**Exercise objective:** Every entry must be repeated exactly. Exclude all pictures.

Recorded data START

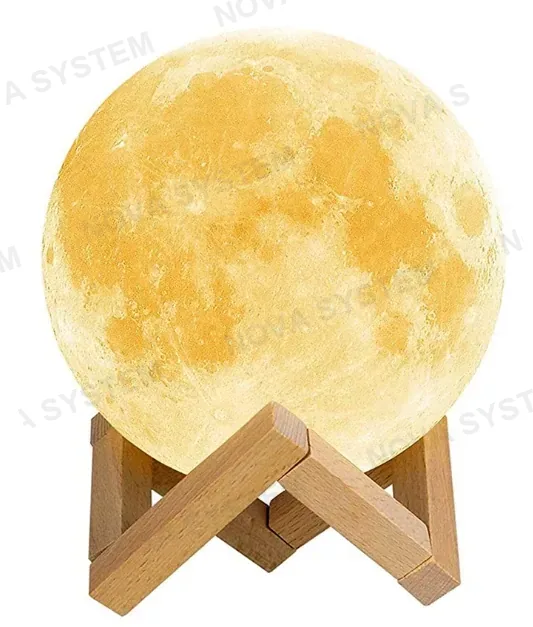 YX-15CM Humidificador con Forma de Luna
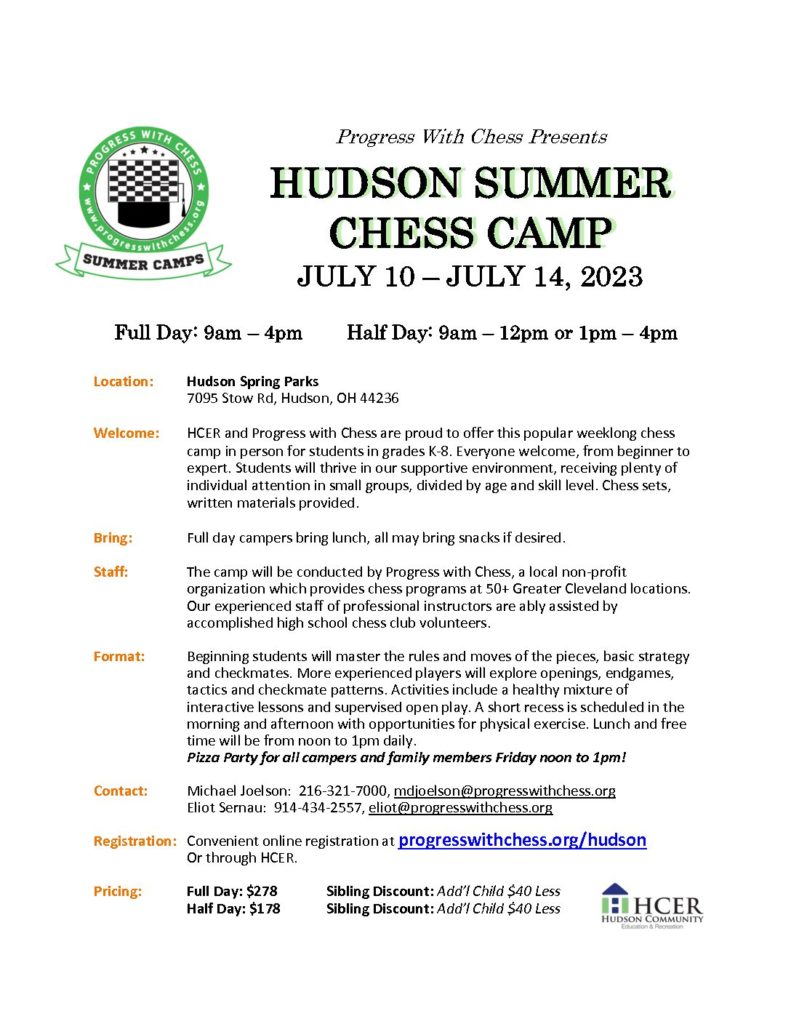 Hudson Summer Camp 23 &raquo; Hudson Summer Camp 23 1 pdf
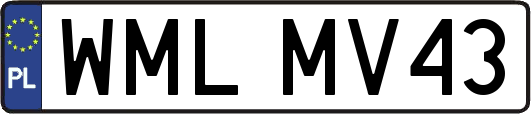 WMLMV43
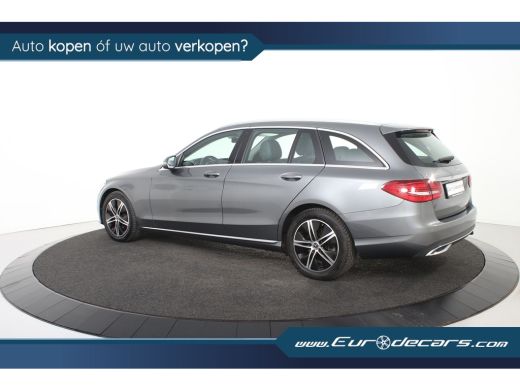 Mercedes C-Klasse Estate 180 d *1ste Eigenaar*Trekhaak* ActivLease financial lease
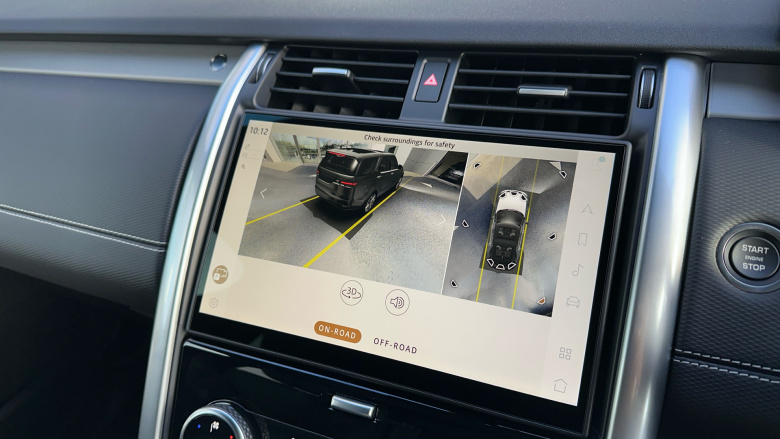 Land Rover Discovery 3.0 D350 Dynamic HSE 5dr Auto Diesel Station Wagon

Recorded data END

**The completed task:**
 YX-15CM Humidificador con Forma de Luna
 Hudson Summer Camp 23 &raquo; Hudson Summer Camp 23 1 pdf
 WMLMV43
 Mercedes C-Klasse Estate 180 d *1ste Eigenaar*Trekhaak* ActivLease financial lease
 Land Rover Discovery 3.0 D350 Dynamic HSE 5dr Auto Diesel Station Wagon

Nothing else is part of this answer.